We might discern the possibility of more substantive—if veiled—engagement with Cather’s ideas in an article Akins wrote for Vogue in 1953 about the value of a “big” and over-furnished house. Writing six years after Cather’s death and sixteen years after the publication of her artistic credo “The Novel Démeublé [Unfurnished],” Akins argues against domestic downsizing for aging women who live alone, in part because accumulated furnishings allow one to retain “associations and habits” and to “keep something of her own style . . . in these changing days.”[8] While Akins writes about lifestyle rather than literary form, the connection between furnishings and habits of mind recalls Cather’s vision for the modern novel: that writers “could throw all the furniture out of the window; and along with it, all the meaningless reiterations concerning physical sensations, all the tiresome old patterns, and leave the room as bare as the stage of a Greek theatre.”[9] Cather published this in a collection of essays titled Not Under Forty, which she described to Akins in 1937 as the closest she had come to “explaining” and “defending” her own art (something she advises Akins not to do for New York theater critics, who had written disparagingly about Akins’s work).[10]

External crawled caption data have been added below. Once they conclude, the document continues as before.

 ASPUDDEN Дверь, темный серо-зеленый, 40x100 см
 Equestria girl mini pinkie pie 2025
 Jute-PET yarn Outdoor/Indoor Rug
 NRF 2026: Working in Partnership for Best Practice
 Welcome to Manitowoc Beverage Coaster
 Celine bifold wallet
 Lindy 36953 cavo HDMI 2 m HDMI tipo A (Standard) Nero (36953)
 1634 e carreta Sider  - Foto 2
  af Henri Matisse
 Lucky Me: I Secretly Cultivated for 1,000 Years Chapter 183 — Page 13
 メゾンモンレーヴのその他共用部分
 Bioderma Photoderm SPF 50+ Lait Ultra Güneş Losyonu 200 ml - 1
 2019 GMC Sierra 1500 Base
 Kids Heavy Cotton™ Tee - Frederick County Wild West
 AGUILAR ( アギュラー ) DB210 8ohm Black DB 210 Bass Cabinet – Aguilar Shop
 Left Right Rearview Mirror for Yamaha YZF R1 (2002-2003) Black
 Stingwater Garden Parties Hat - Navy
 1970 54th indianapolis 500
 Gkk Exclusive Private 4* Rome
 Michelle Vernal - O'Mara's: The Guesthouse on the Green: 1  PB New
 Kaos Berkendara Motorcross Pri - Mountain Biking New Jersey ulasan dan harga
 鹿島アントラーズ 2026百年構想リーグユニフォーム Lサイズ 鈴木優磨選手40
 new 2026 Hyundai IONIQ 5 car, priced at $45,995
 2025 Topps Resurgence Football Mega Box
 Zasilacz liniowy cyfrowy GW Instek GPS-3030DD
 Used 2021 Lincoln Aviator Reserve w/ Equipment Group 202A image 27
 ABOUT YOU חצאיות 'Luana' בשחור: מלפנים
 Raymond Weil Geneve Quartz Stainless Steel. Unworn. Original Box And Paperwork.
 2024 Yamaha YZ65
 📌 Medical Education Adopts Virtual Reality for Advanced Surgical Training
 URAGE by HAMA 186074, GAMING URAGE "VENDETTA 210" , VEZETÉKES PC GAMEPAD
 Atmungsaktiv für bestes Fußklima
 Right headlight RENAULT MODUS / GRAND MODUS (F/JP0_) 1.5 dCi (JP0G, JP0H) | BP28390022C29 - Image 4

The relationship between Cather and Akins can serve, I hope, as one example of the kind of feedback we might productively explore as we constantly negotiate the contours of modernism and its archives. Yet this case may serve not just as an illustrative example but also as an opening onto a wider network of feedback among women writers and artists. Akins’s penchant for receiving critique might have been fostered by her friendships in St. Louis (and after) with members of the Potter’s Wheel group, eight young women who created a monthly handcrafted magazine to be read among themselves, family, and friends. There was only one copy of each monthly issue (from 1904-1907), which circulated along with a separate blank book to be filled with written responses.[11] Akins wrote admiringly of “the Potters”[12] and introduced Cather to women who had been in the group, including the poet Sara Teasdale and Celia Harris. Correspondence among Cather, Akins, Teasdale, and Harris reveals circuitous, even gossipy, routes for feedback. For instance, Harris writes to Akins in 1919 about receiving a letter from Cather that praises Akins’s ideas and aptitude for playwriting.[13] If the feedback between Cather and Akins challenges us to reconstruct an archive, that archive is itself a part of a broader constellation. By attending to feedback among friends, we can excavate dynamic stories of modernist production across genres, geographic regions, and lives.   


Notes

[1] Willa Cather to Zoë Akins, Jan. 1914, ZA 2981, Zoë Akins Papers, The Huntington Library, San Marino, California. Published in The Selected Letters of Willa Cather, ed. Andrew Jewell and Janis Stout, New York: Vintage, 2013, 186.

[2] William J. Mann, Behind the Screen: How Gays and Lesbians Shaped Hollywood, 1910-1969 (New York: Penguin, 2002), 74-75.

[3] See the Willa Cather Archive for information about Cather’s letters: http://cather.unl.edu/completeletters.html.

[4] Akins, “To Willa Cather,” unpublished autobiographical essay, ca. 1949, ZA 557; and Akins, “Others than Myself: Some Memories,” unpublished autobiography, chapter 8, ca. 1953, ZA 385, Zoë Akins Papers.

[5] Cather to Akins, Jan. 27, 1909, ZA 2970, Zoë Akins Papers. Published in Selected Letters, 120-21.

[6] Cather to Akins, Nov. 1922, ZA 2988, Zoë Akins Papers.

[7] The Saturday Review of Literature, October 24, 1925, 252.

[8] Akins, “Keep That Big House IF,” Vogue, November 15, 1953, 146. 

[9] Cather, “The Novel Démeublé,” in Not Under Forty (New York: Alfred A. Knopf, 1936), 51.

[10] Cather to Akins, Oct. 28, 1937 [?], ZA 3037, Zoë Akins Papers. Published in Selected Letters, 536-37.

[11] One of these feedback notebooks is held in the Albert and Shirley Small Special Collections Library at the University of Virginia, in the Sara Teasdale Collection.

[12] Akins, “Others than Myself: Some Memories,” chapter 3.

[13] Celia E. Harris to Akins, Aug. 26, 1919, ZA 3651, Zoë Akins Collection.